Production patterns:

  • Remote state in Azure Blob Storage with state locking
  • Separate state files per environment (dev, staging, prod isolation)
  • Module composition for reusable AKS configurations
  • Lifecycle rules to prevent accidental deletion

OpenTofu (the Terraform fork) is functionally equivalent—same HCL syntax, same providers.

Pulumi

Pulumi uses general-purpose programming languages (TypeScript, Python, Go) to define infrastructure. You use AWS SDK classes and can leverage the full power of the language.

Key advantages:

  • Familiar languages: Developers can use skills they already have
  • Imperative logic: Easy to express conditional resources, loops, dynamic configurations
  • Type safety: Compile-time checks for configuration errors
  • ComponentResources: Build high-level abstractions (e.g., a ProductionAksCluster component)

When Pulumi shines: If your infrastructure has complex logic—dynamically creating node pools based on external metrics, or tightly integrating cluster provisioning with application lifecycle—Pulumi's programming model makes this natural.

The Comparison

AspectTerraform/OpenTofuPulumiBicep
LanguageHCL (declarative DSL)TypeScript, Python, GoBicep (DSL)
StateSelf-hosted or Terraform CloudPulumi Service or self-hostedAzure (stateless)
Azure IntegrationVery mature (azurerm)Mature (@pulumi/azure-native)Day 0 support
Multi-cloudExcellentExcellentAzure-only
CommunityVery largeGrowingAzure ecosystem

Verdict: This is the production-ready approach.
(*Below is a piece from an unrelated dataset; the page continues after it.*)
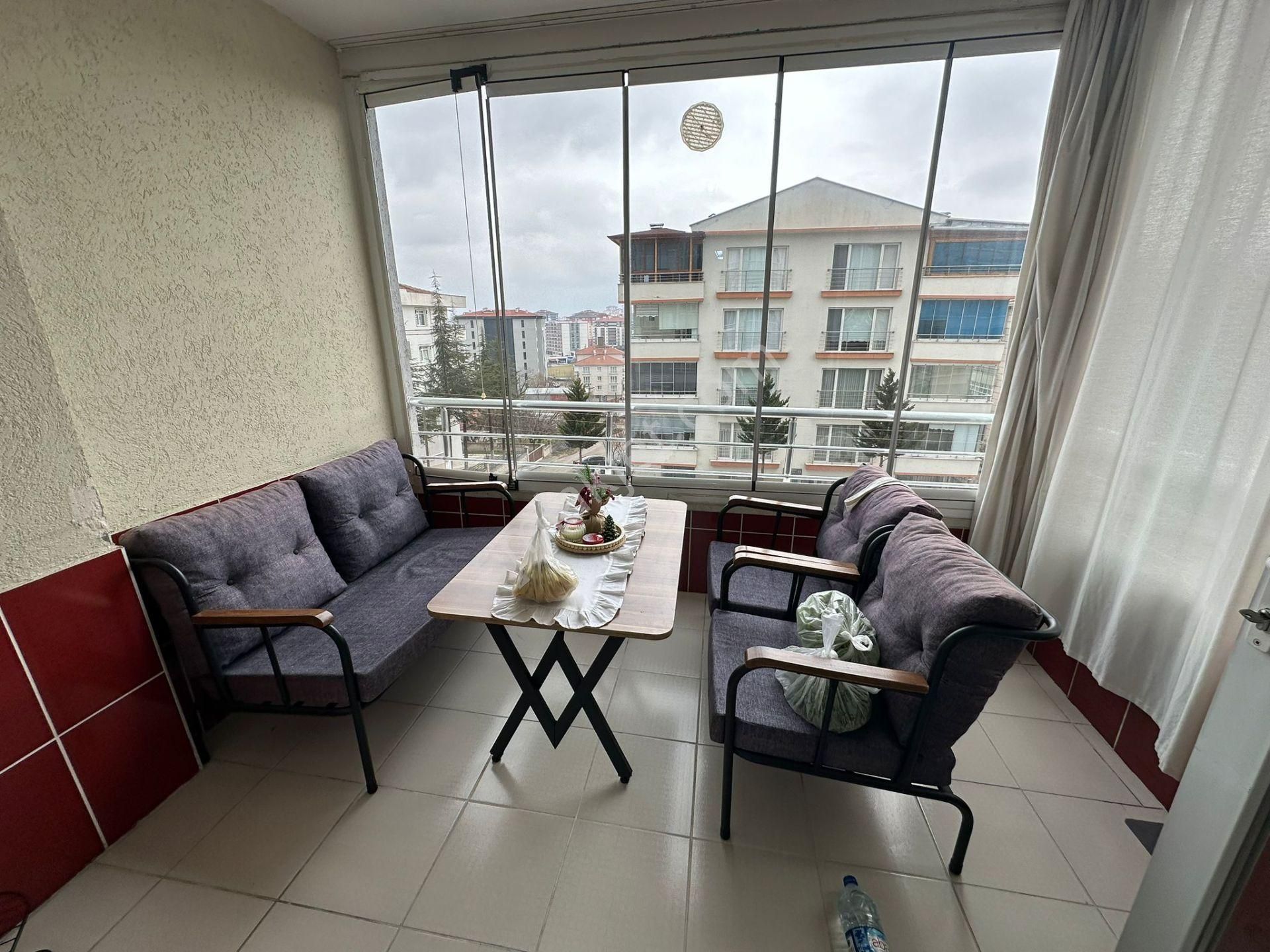 Acil Satılık__kent Konseyi Yanı__160m2__teras Balkonlu Arakat - Görsel 9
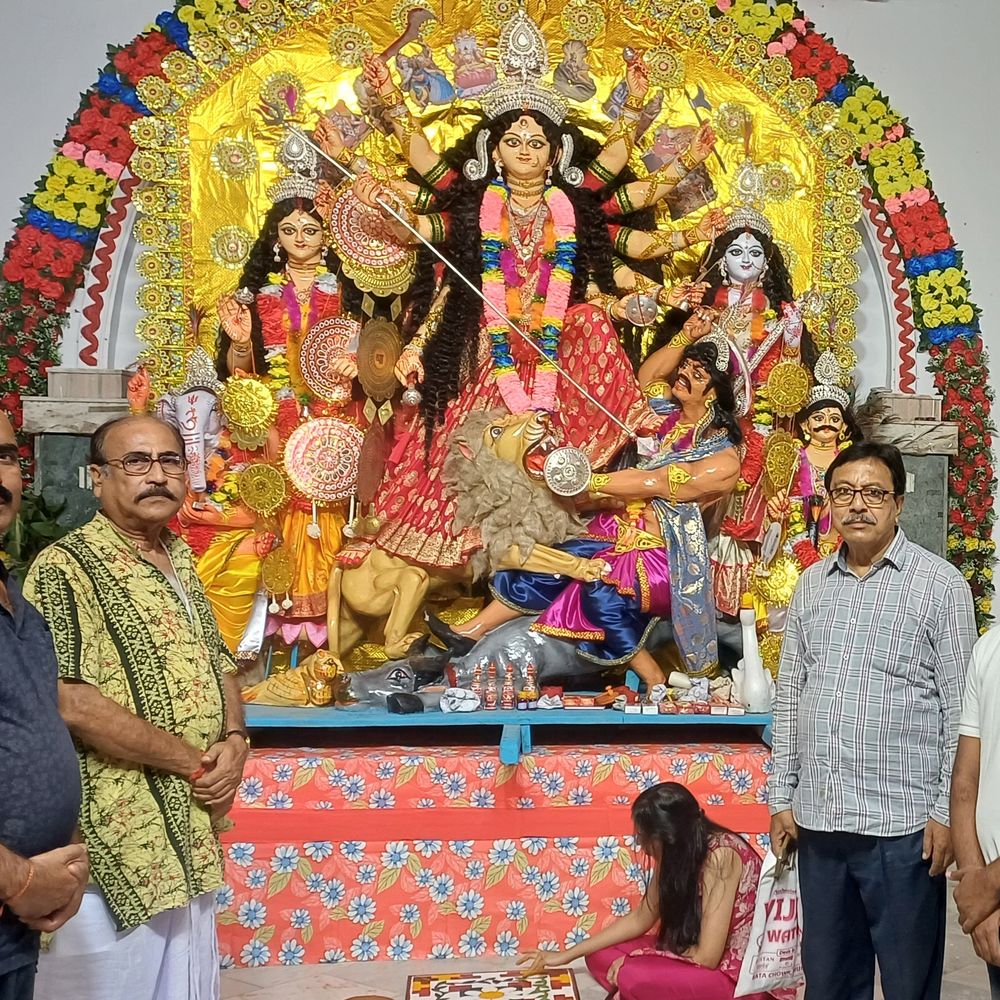 मुंगेर में 2 बंगाली दुर्गा प्रतिमाएं स्थापित:रायसर की लाल दुर्गा और उदयन परिषद में उमड़ी भीड़, 21 अक्टूबर को होगा सिंदूर खेला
Terraform/OpenTofu for maximum community support and multi-cloud consistency. Pulumi when you need programming language power. Bicep for Azure-only organizations.

Level 4: Kubernetes-Native Abstractions (Crossplane, Cluster API)

This emerging class uses the Kubernetes API itself as a control plane to manage external infrastructure. The "desired state" is a Kubernetes Custom Resource stored in etcd.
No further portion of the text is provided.